This photo was taken in my pantry at 11:30 pm, Monday 10 December, just outside of Boston, Massachusetts. Please note that the window is not only open, but fully wide open. What happened to Winter? Have we killed it?
Before one of you pounces on me for this, I am fully aware that I have mentioned many times my utter distaste for the particularly Boston habit of complaining about the weather, no matter what it may be. But this is not a complaint. It's more of a lament. You see, I actually enjoy a good proper Winter.
When I was a kid, the snow set in before Thanksgiving and was on the ground until April. It was beautiful to see it and fun to play in it. Despite what many people would see as discomfort, I learned to find a particular quiet beauty in it, a great comfort in piling into my layers of wool, stuffing two pairs of socks into Maine Hunting Shoes, everyone pitching in to clear the way, then coming in to a warm house and fresh cocoa. By this time of year, I'd have had that experience a few times. Lately, it never comes.
Sure, it's nice to have balmy weather, but all the time? I'm the kind of guy who believes that you can't have Yin without Yang, that the beauty of a hot Summer day is pointless without an equally beautiful foot of snow in December. For the last few years, not a day goes by that I don't see someone in shorts, and I'm usually a bit damp with sweat in all the tweed and flannel I still insist on wearing. True, I do love the clothes, and I miss being able to wear them so much, but this isn't really about that. It's about balance, and the new lack of it.
I don't want to start a political or scientific debate over global warming and climate change. Frankly, I wouldn't be able to keep up. Maybe we've just had some mild Winters. Maybe the climate is just changing. Maybe years from now the concept of a snowy Winter in Boston will be an old time novelty, and there will be fewer of us who remember the good-old-tough-old-days. Should that be the case, i will accept it. After all, we can't really change the weather. But it won't stop me from fondly remembering and silently hoping for a good old two foot snow fall.
All I want for Christmas is my Winter back.
I feel the same exact way. We don't have a garage and I haven't even had to scrape the car once yet this year. Last winter, we got a single, solitary snow that lasted for two days before it turned to discolored slush and disappeared.
I miss the days of piling on layered woolens and bracing myself against the wind, then peeling off a couple layers because I've worked up a sweat shoveling.
I also remember spending hours and hours outside as a kid in the snow, only coming inside to rehydrate and warm the fingers and toes. I hope my daughter can experience that at some point as well.
I 100% agree. I don't care WHY winter is gone, just that it is gone. I live in Colorado and it has snowed perhaps six inches all season. Snow lengthens the commute, is a pain to shovel, and causes all the transplanted Californians to wet themselves with fear of driving over 13 mph. That said, it is a part of who we are as a state. Living with only two seasons: warm summer and hot summer is not enjoyable. Variety is why I loved my state. Now it just feels bland.

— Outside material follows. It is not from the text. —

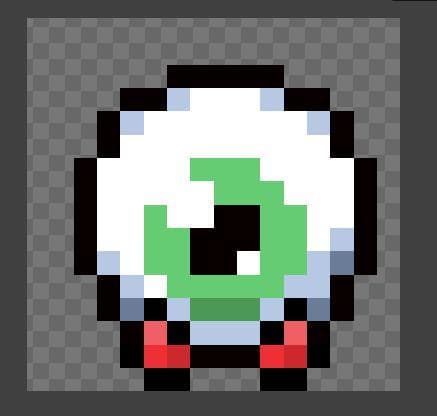 Glube - Prototype Version screenshot 2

Total agreement here. I miss the proper winters of where I grew up—well, I miss all the seasons. Here, it's mainly cool and foggy (and for most of the summer!), with the occasional stretch of cold and wet, interspersed with brief spells of warm and sunny.
I hate it. Give me hot, dry summers; cool, crisp autumns with falling leaves; cold winters with snow; and boisterous springs with rain and storms and hail and—in the midst of all that—beautiful balmy days.
As it is, I have a great job here, and it's very difficult to relocate in my field at this stage of the game. Climate is not a good enough reason to start over.
I know what you mean. I read somewhere recently that according to the National Oceanic and Atmospheric Administration, if you are 27 (as of October '12) or younger, you have never had a colder than average month in your entire life.
Im pretty sure its not global warming. Down here in new orleans it didnt snow my entire life until Christmas 2005. I was 17. Since then it has snowed 3 more times. Weather is wierd, but i can understand your sentiment.
Well. I hate winter. Having lived in Northern, Middle and Southern New England for pretty much my entire life, except for a 5 year stint in San Diego, I feel I've earned the right to safely say that. I do, however, understand and appreciate the balance that I think has been severely upset. Summer just isn't as sweet without a beastly winter.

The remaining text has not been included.